◆ What is expected
Beginning at the line containing "Escoltados por sombrillas", repeat each line below exactly up to and including the line containing "a kitchen with". Do not repeat the pictures.
START Data extract
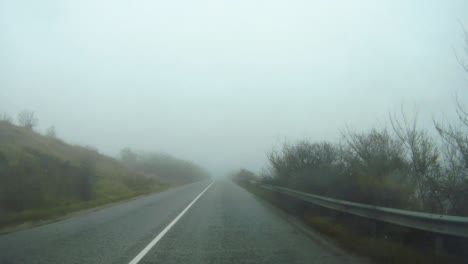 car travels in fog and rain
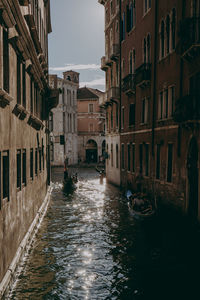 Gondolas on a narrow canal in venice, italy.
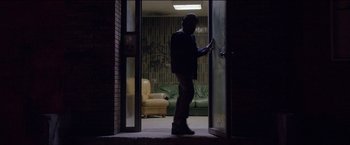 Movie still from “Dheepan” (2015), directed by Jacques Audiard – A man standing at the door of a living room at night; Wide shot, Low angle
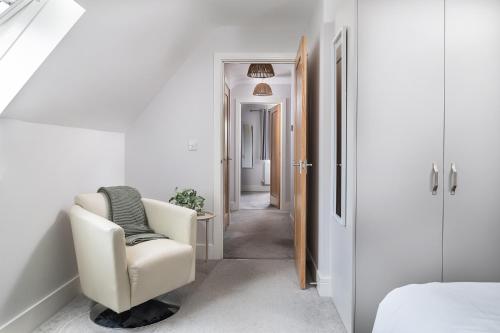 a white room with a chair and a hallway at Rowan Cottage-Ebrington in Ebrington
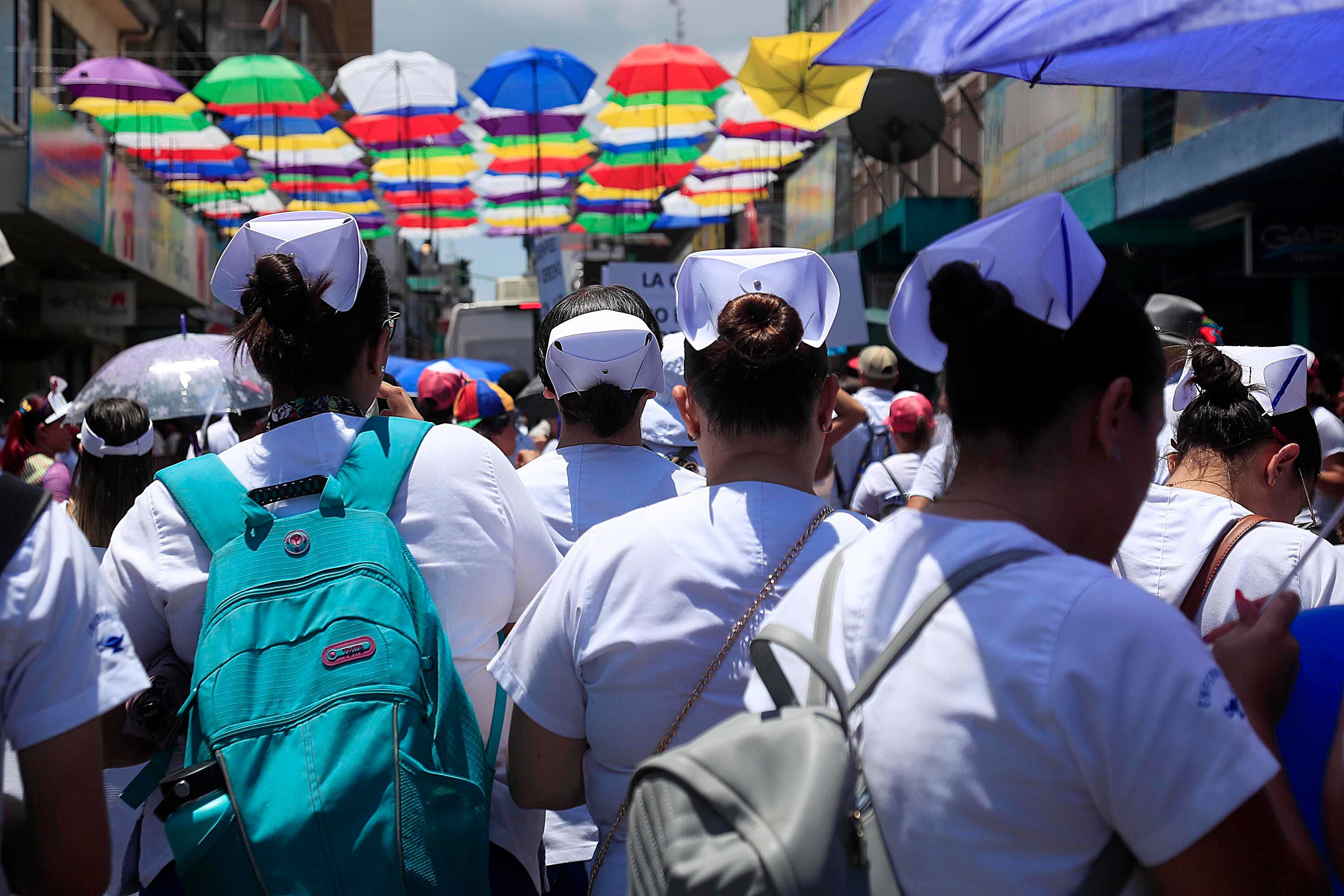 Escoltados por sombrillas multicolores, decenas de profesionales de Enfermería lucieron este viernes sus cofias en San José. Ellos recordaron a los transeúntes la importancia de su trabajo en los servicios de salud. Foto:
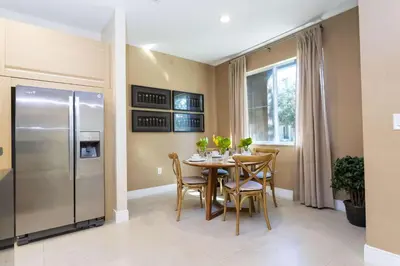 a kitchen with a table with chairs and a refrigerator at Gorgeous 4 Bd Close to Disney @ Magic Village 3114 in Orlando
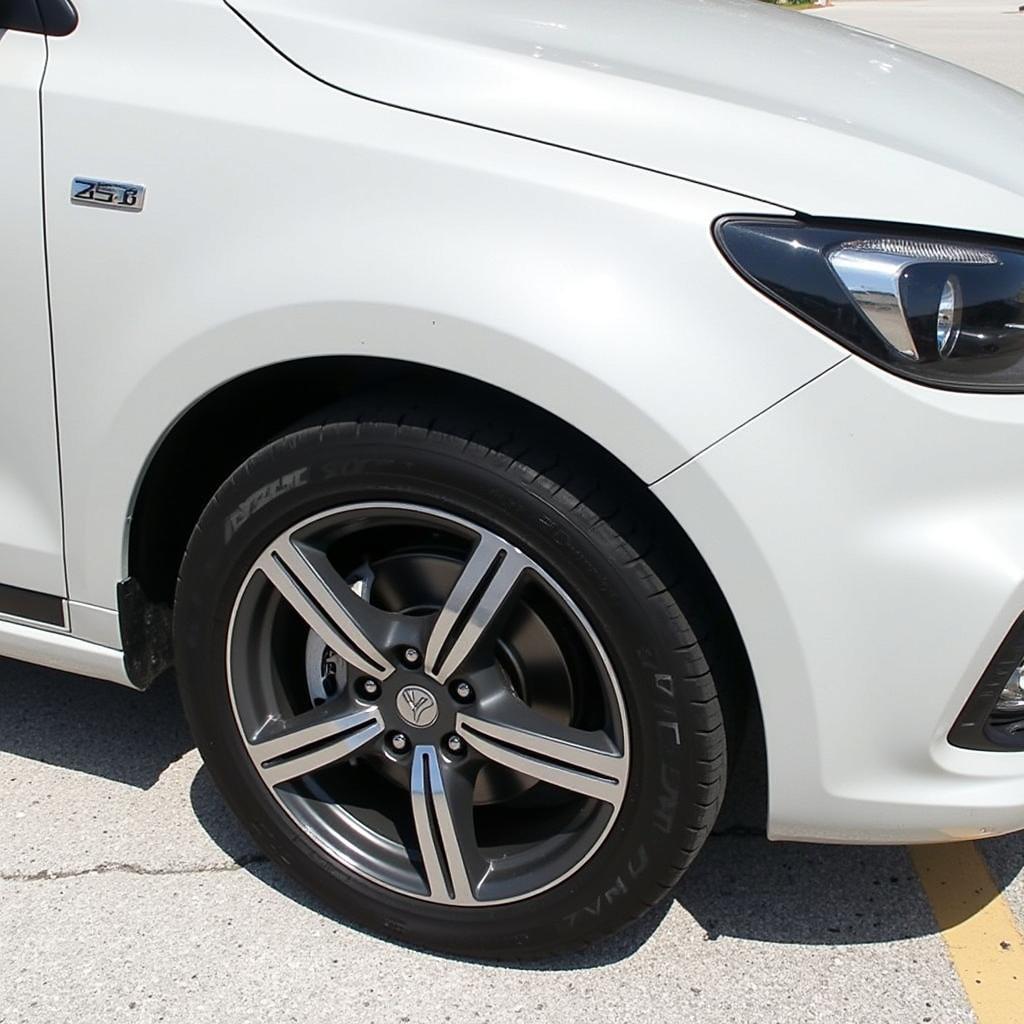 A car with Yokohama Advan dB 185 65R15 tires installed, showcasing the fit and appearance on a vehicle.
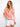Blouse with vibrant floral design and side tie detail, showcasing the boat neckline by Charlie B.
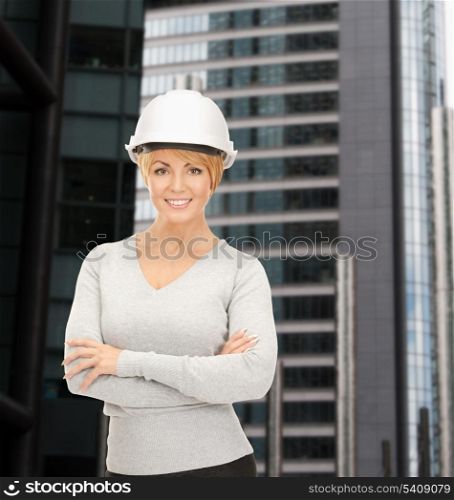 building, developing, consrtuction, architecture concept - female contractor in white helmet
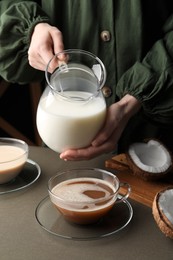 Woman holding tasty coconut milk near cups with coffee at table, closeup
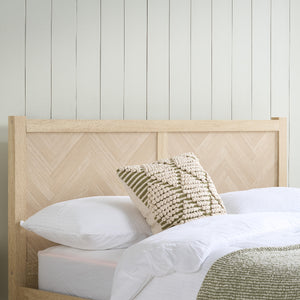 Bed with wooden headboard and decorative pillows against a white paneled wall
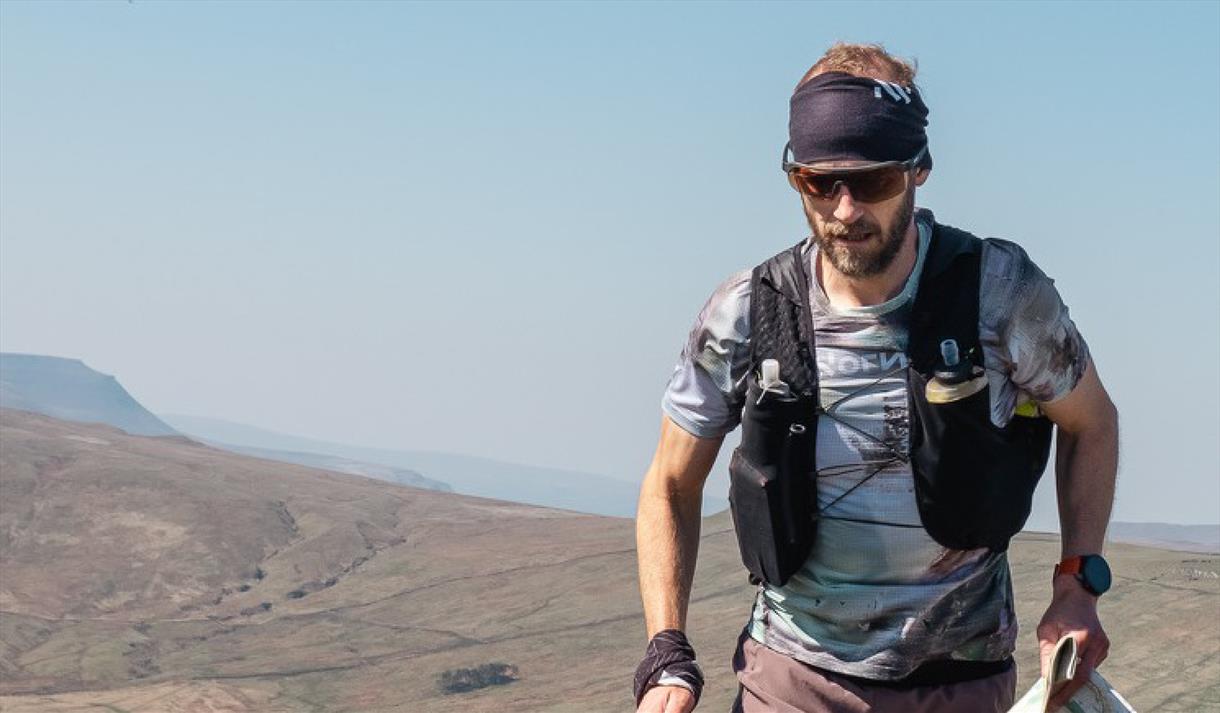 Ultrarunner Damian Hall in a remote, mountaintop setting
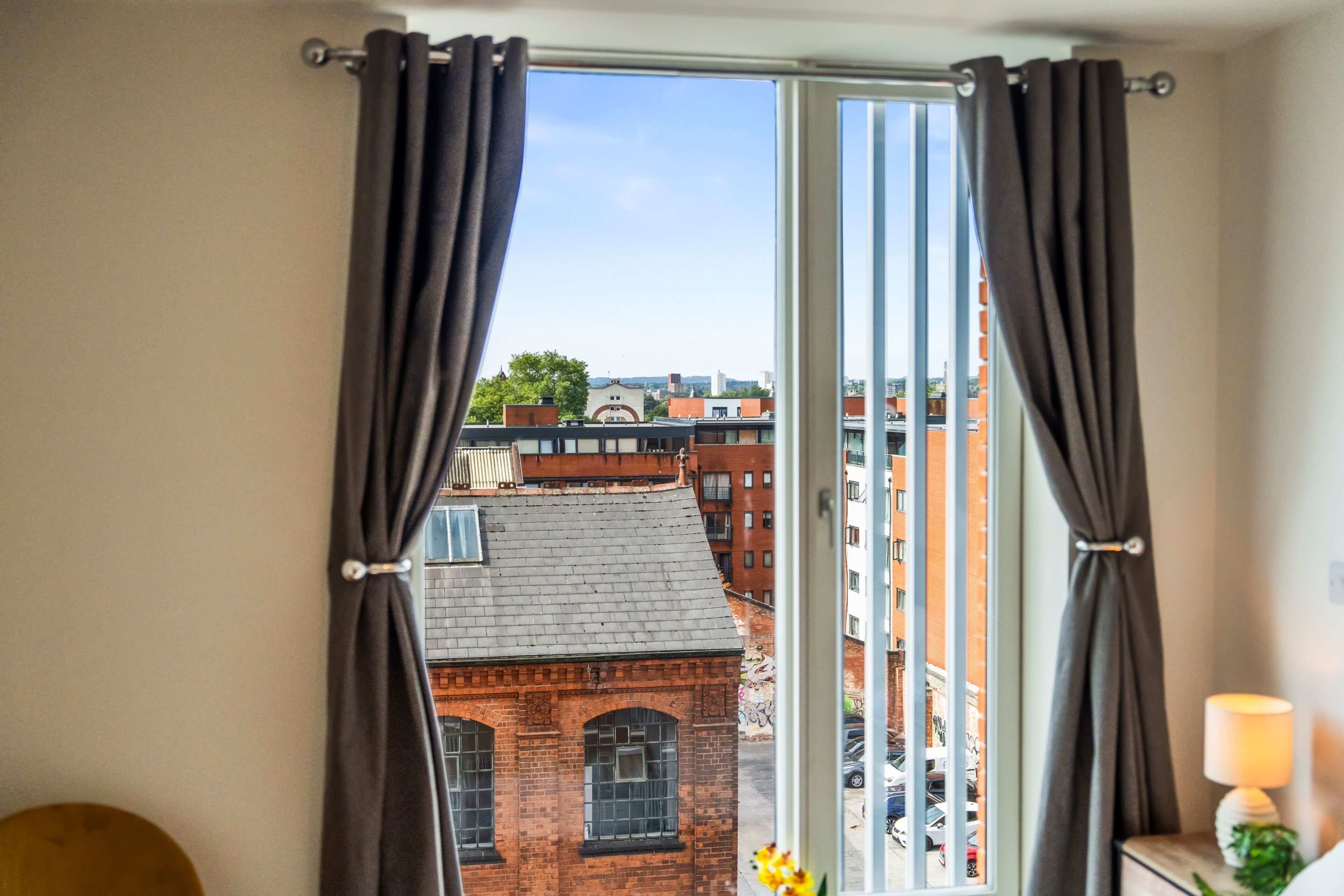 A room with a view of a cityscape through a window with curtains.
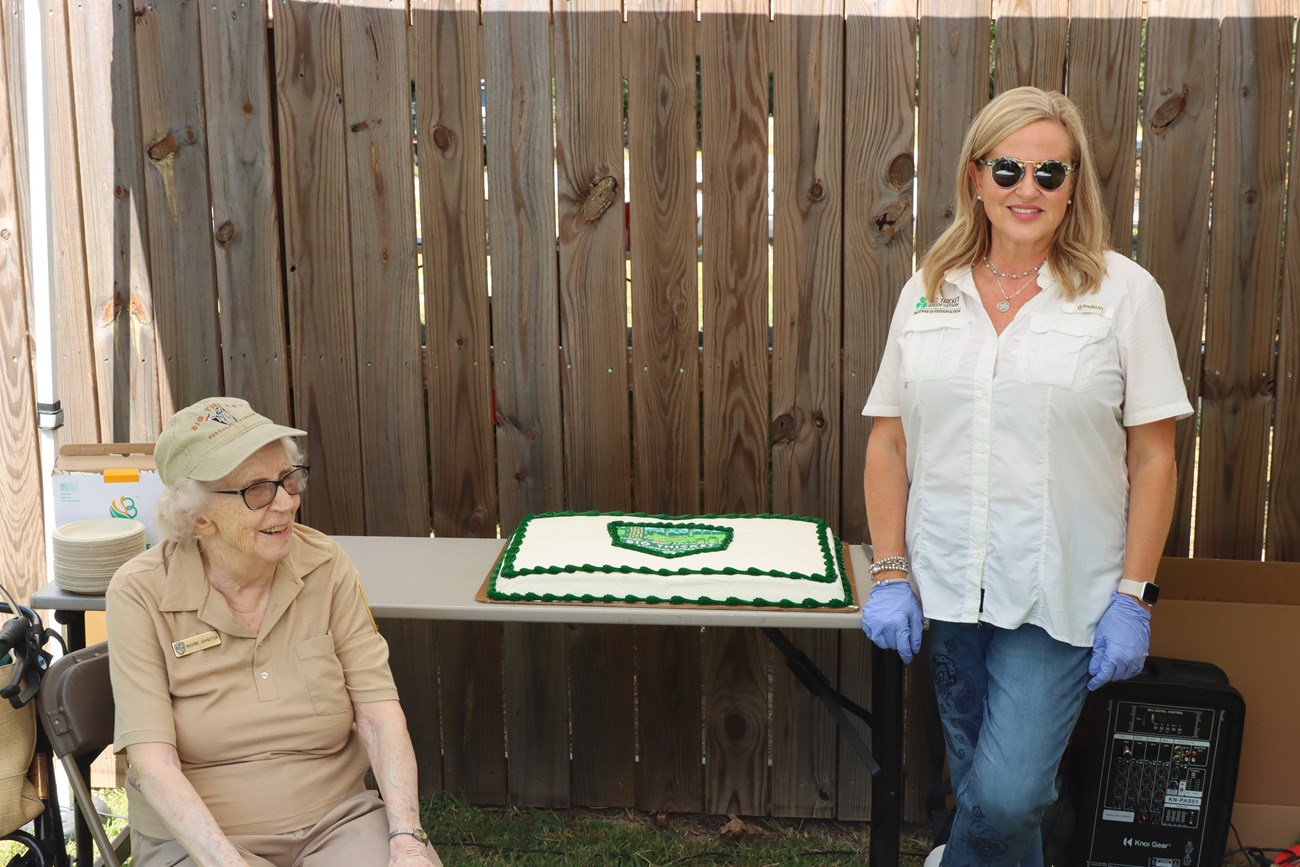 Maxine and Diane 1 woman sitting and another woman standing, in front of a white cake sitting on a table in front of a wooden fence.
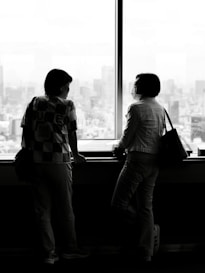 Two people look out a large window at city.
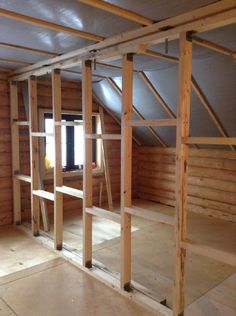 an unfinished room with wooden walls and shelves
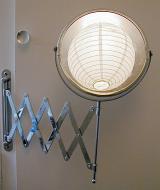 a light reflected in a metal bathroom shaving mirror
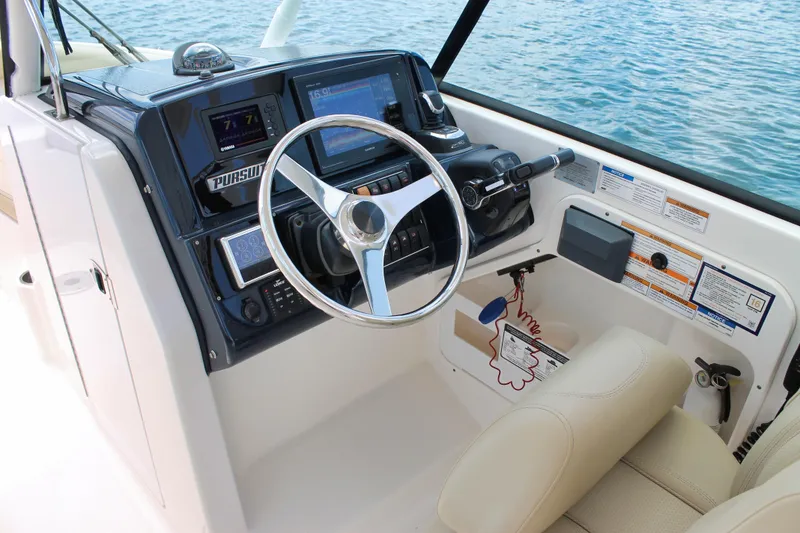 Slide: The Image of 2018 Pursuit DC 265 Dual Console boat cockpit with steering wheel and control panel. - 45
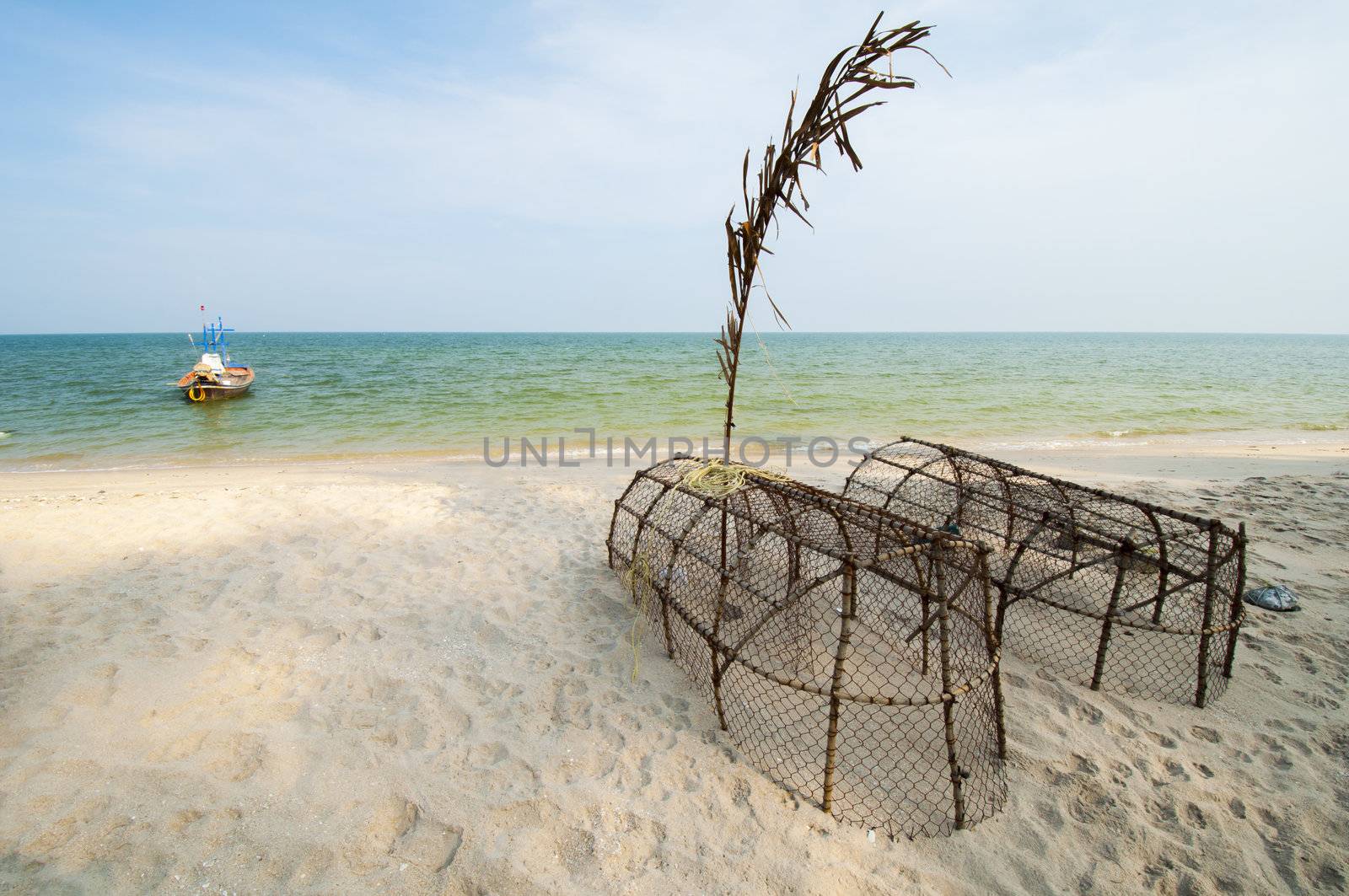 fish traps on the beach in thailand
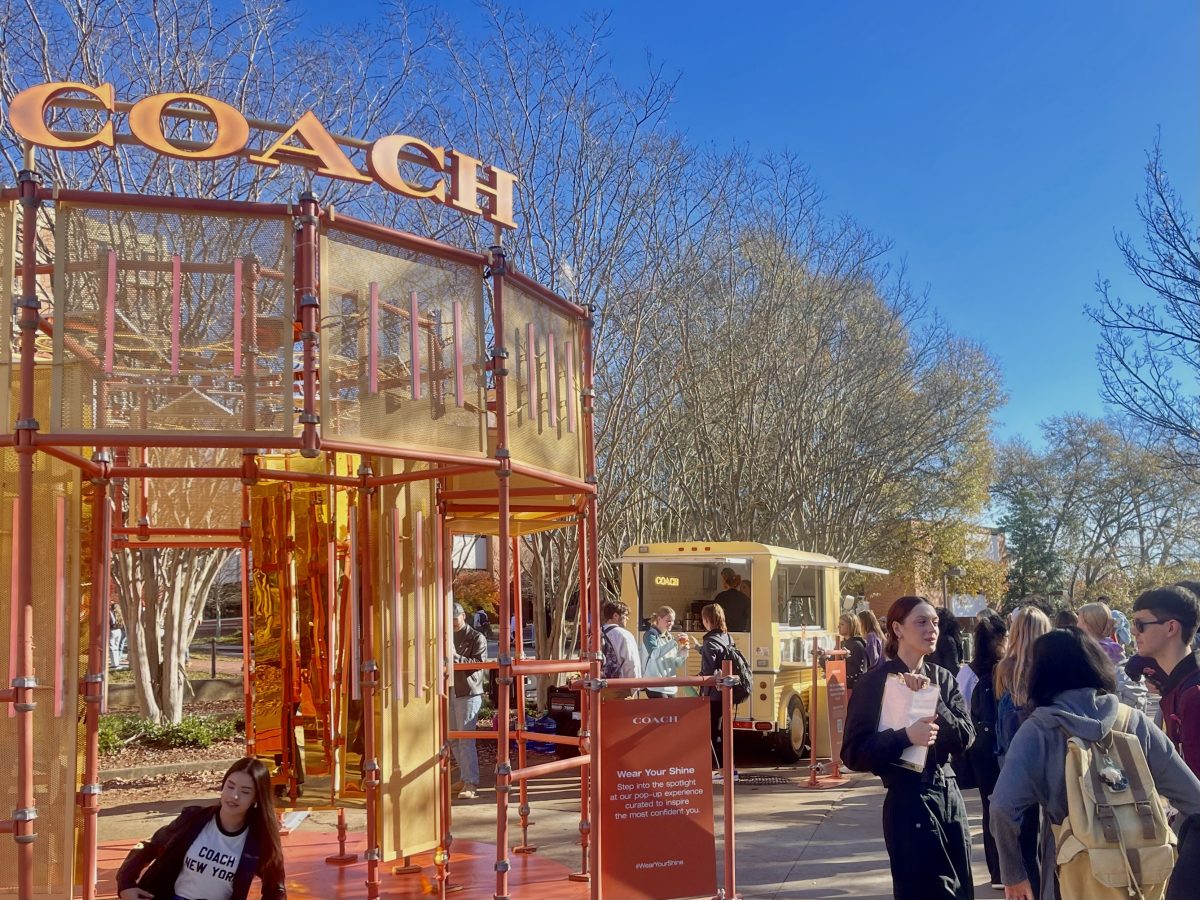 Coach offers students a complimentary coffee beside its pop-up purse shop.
END Data extract
◆ Answer to this task
 Escoltados por sombrillas multicolores, decenas de profesionales de Enfermería lucieron este viernes sus cofias en San José. Ellos recordaron a los transeúntes la importancia de su trabajo en los servicios de salud. Foto:
 a kitchen with a table with chairs and a refrigerator at Gorgeous 4 Bd Close to Disney @ Magic Village 3114 in Orlando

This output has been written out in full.